Enabling API Upgrades
Upgrading packages with
API changes can be prohibitively expensive. Existing techniques require manual, expert effort and have limited applicability. Software ecosystems present complex social challenges that tools must deal with, including scale, mismatched priorities, heterogeneous levels and areas of expertise, and limits on communication and collaboration.
We have two ongoing projects to extend program transformation tooling. 1. Ensuring type preservation when applying source-to-source rewrite rules, to increase reliability for all potential users. 2. Semantic-based synthesis of rewrite rules, to extend existing approaches to be easily used by everyone.
Minimizing Machine Learning in Video Data Analytics with Geo-spatial Metadata
Video data exploration tasks involve querying over objects and their movements in the videos. Many video data exploration tools use machine-learning-based algorithms to detect and tracks objects. However, these algorithms are slow, which can interrupt the flow of the data scientists/journalists train of thoughts when exploring the video data. In prior works, MIRIS tracks objects in the videos at lower frame rates. If the system finds a tracking in any of the sections of the videos, it tracks objects in the videos at a higher frame rates until it can track the object at a certain confidence.
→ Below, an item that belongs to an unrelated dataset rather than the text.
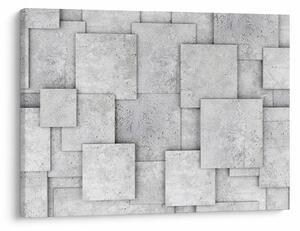 Kép - Betoncsempék absztrakciója (70x50 cm)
With this approach, the system does not have to run the object-tracking algorithms on all of the video frames.
In autonomous driving video data or surveillance camera video, we usually know the location of the camera and the information of the environment around the camera. In this project, we use the geo-spatial metadata to help the systems filter out the irrelevant frames based on users’ queries before feeding them into object-tracking algorithms.
A Conversational Interface for Automatic Visualization
Generating visualizations is a key step in exploratory data analysis but can be time-consuming and complicated in no-code environments. Visualizations are also not static; as more information is discovered through exploratory data analysis, new visualizations need to be built to answer new questions. We introduce a conversational natural language interface for creating visualizations from data. Our approach is the first to use large language modeling for generating visualizations in a conversational setting.
Iterative Design of Semantic Grouping Guidelines and Metrics for Mobile User Interfaces
While prior research on widget grouping in mobile user interface (UI) design has focused on visual grouping, little work has been devoted to the semantic coherence of such groupings, which affects user understanding of the interface. We propose five design guidelines that are generally applicable for semantic element grouping in mobile UIs. We generated the guidelines through an iterative process: they were first conceived through empirical observations of existing mobile UIs and a literature review, refined through multiple rounds of feedback from UI design experts, and finally evaluated with an expert review. The feedback from experts indicate a strong need for these guidelines, as the design and evaluation of semantic grouping is currently conducted based on intuition. In addition to being a useful resource for UI design, these guidelines could lead to computational methods to evaluate interfaces. We experimented with computational metrics built from these guidelines that show promising results.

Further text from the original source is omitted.